Right, that's roughly the approach I was thinking when I wrote my last
reply - for KVM derive the timebase from the virtual clock similar to
TCG and adjust on CPU start, e.g.

cpu_reset():
    cpu->tb_env->tb_offset = 0;

cpu_start/resume():
    cpu->tb_env->tb_offset =
        qemu_clock_get_ns(QEMU_CLOCK_VIRTUAL) * tb_env->tb_freq +
            cpu->tb_env->tb_offset -
        qemu_clock_get_ns(QEMU_CLOCK_HOST)

Is there any reason why this shouldn't work? My understanding is that
guests supporting KVM_REG_PPC_TB_OFFSET should compensate correctly for
the timebase if tb_offset is the difference from the host timebase at
guest virtual time zero.


ATB,

Mark.
Mark Cave-Ayland Feb. 25, 2016, 5 a.m. UTC | #22
On 25/02/16 04:33, Mark Cave-Ayland wrote:

> cpu_start/resume():
>     cpu->tb_env->tb_offset =
>         qemu_clock_get_ns(QEMU_CLOCK_VIRTUAL) * tb_env->tb_freq +
>             cpu->tb_env->tb_offset -
>         qemu_clock_get_ns(QEMU_CLOCK_HOST)

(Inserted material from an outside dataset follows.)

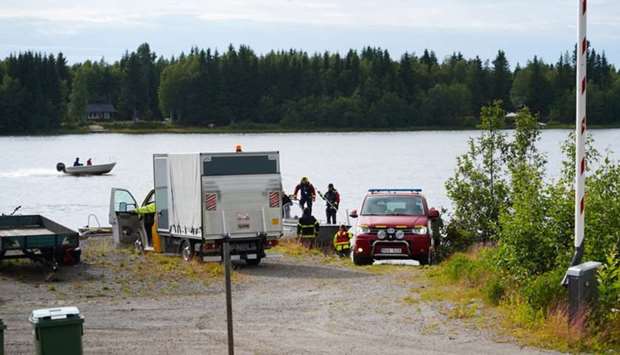 An emergency services boat carrying wreckage parts arrives at a harbour near the site, where a small sports aircraft with nine people on board has crashed at Ume river outside Umea, Sweden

Actually just realised this is slightly wrong and in fact should be:

cpu_start/resume():
    cpu->tb_env->tb_offset =
        muldiv64(qemu_clock_get_ns(QEMU_CLOCK_VIRTUAL),
                 cpu->tb_env->tb_freq, NANOSECONDS_PER_SECOND) +
            cpu->tb_env->tb_offset -
        qemu_clock_get_ns(QEMU_CLOCK_HOST)


ATB,

Mark.
Mark Cave-Ayland Feb. 25, 2016, 9:50 a.m. UTC | #23
On 25/02/16 05:00, Mark Cave-Ayland wrote:

> On 25/02/16 04:33, Mark Cave-Ayland wrote:
> 
>> cpu_start/resume():
>>     cpu->tb_env->tb_offset =
>>         qemu_clock_get_ns(QEMU_CLOCK_VIRTUAL) * tb_env->tb_freq +
>>             cpu->tb_env->tb_offset -
>>         qemu_clock_get_ns(QEMU_CLOCK_HOST)
> 
> Actually just realised this is slightly wrong and in fact should be:
> 
> cpu_start/resume():
>     cpu->tb_env->tb_offset =
>         muldiv64(qemu_clock_get_ns(QEMU_CLOCK_VIRTUAL),
>                  cpu->tb_env->tb_freq, NANOSECONDS_PER_SECOND) +
>             cpu->tb_env->tb_offset -
>         qemu_clock_get_ns(QEMU_CLOCK_HOST)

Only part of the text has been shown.